Kaplan–Meier survival analyses of 155 chemo-naïve patients with advanced LCP treated with medical therapy revealed significant impact on prognosis of nine clinical and laboratory factors among which four factors retained their significance in Cox regression model: ECOG PS (p < 0.0001), WL prior to diagnosis (p < 0.01), the number of treatment lines (p < 0.001) and PLR (p < 0.043). The importance of ECOG PS and WL as significant prognostic factors in advanced LCP is proved by many publications and is stated in European and American guidelines [46, 8, 10, 18]. The number of treatment lines as survival determinant in advanced LCP needs special attention. For patients who have passed through all indicated treatment lines, and have good performance status it remains unclear whether to continue treatment after new progression. It could be reasonable to introduce the continuum of care paradigm in advanced LCP as it is so widely accepted in the treatment of metastatic colorectal cancer [19]. The “liquid biopsy” in the future would guide more precisely such kind of therapeutic strategy.
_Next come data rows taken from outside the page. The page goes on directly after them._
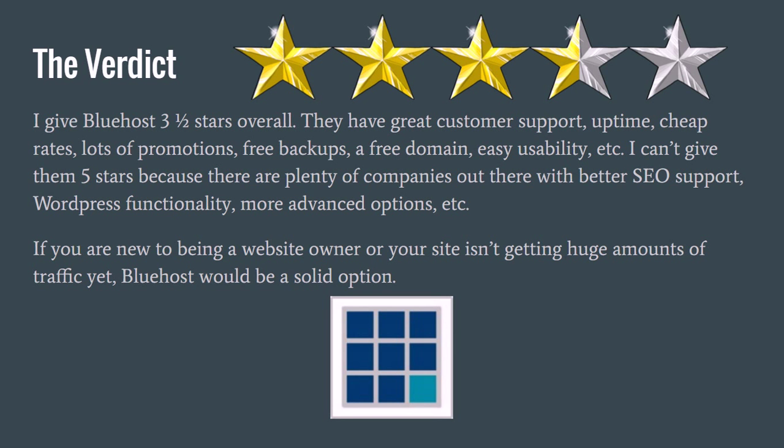As far as the verdict goes, I give Bluehost three and a half stars. The reason I don't give them five stars is because there are quite a few hosting services that might give you more website speed, better WordPress functionality, better SEO support, and more things built in to help with site performance. There are lesser-known competitors that are probably better in some of those areas. But Bluehost is a great company to start out with — cheap rates, great customer support, high uptime, lots of promotions, free backups, free domain, good usability, and one-click WordPress installation.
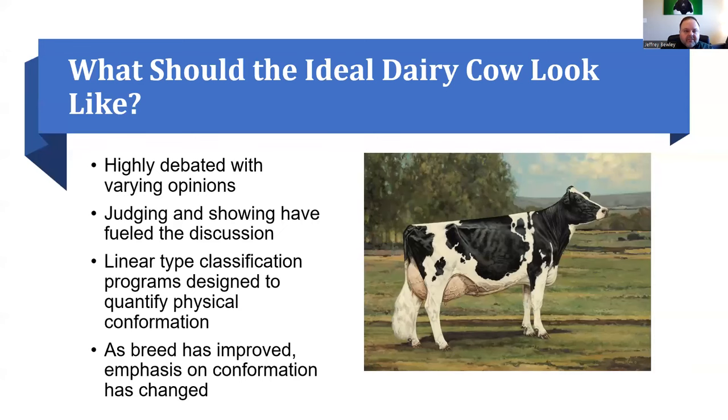We've often thought in our careers, what should an ideal dairy cow look like? This is something that's debated a lot with many different opinions. A lot of us were involved at some point in dairy cattle judging or showing, and that's really fueled a lot of the discussion. Linear type classification programs like we have at Holstein Association are really designed to quantify physical confirmation. As a breed, the Holstein has really improved dramatically over the last century, and the emphasis on confirmation has changed quite a bit.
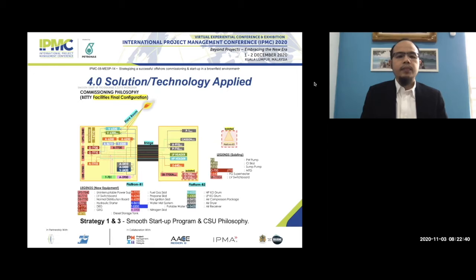This diagram depicts the platform layout — you can see platform B1 and also B2. Our project focuses on both platforms, where we installed new facilities.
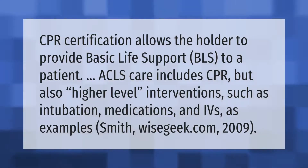CPR certification allows the holder to provide basic life support (BLS) to a patient. ACLS care includes CPR but also higher-level interventions such as intubation, medications, and IVs as examples.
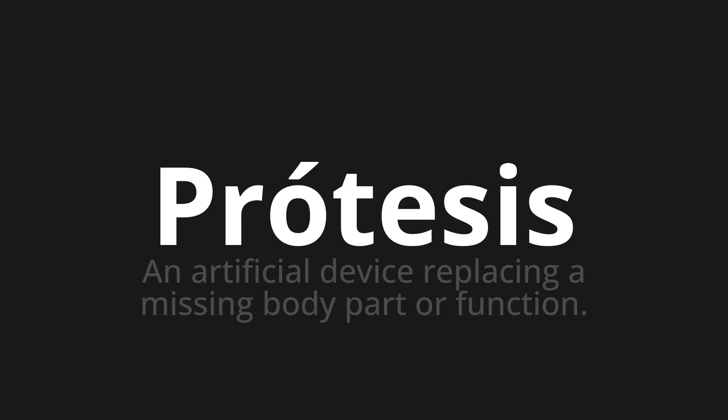Let's say it all together: Próthesis, próthesis, próthesis.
PLR together with NLR represent an important part of systemic inflammatory response in chronic disease and their strong impact on cancer survival including advanced LCP’ survival was confirmed in several studies [2023]. Kaplan–Meier analyses revealed significant impact on prognosis for PLR (p = 0.004) and for NLR (p = 0.02). As it is known the host’s immune response to tumors is lymphocyte dependent [24]. The inflammatory-based prognostic factors representing the host inflammatory response to cancer might help in identification of patients with poor outcomes. Among these markers, PLR is a representative index of systemic inflammation and significant prognostic factor in many cancer types including NSCLC [25]. The platelets’ role in cancer is related to vascular endothelial growth factor release and promotion of angiogenesis. More over patients with neutrophilia and with lymphocytopenia or in other words patients with high NLR might have a poorer lymphocyte-mediated immune response to cancer, which might increase the metastatic potential for cancer progression [24].

Lung cancer diagnosis and treatment in Bulgaria are managed according to the European guidelines, but several issues still exist. They have economic dimensions and are mostly National Health System and hospital-organization related.

Smoking cessation is a national problem with obvious consequences.

ECOG PS and WL are known prognostic factors in advanced LCP. Our results support prognostic impact of PLR on survival. However, the confirmation of this finding needs further prospective validation. The fact that the number of treatment lines impacts survival point out the importance of “continuum of care” concept in advanced LCP, treated with medical therapy.

Conflict of interest

Zh. Mihaylova, V. Megdanova, V. Petrova, D. Petkova, A. Fakirova, M. Petrova, R. Asenov, I. Kisjova, M. Encheva, H. Dinev declare that they have no conflict of interest.

Ethical standards

Every patient signed informed consent before admission in the hospital about usage of data regarding her/his disease for educational and/or research purposes.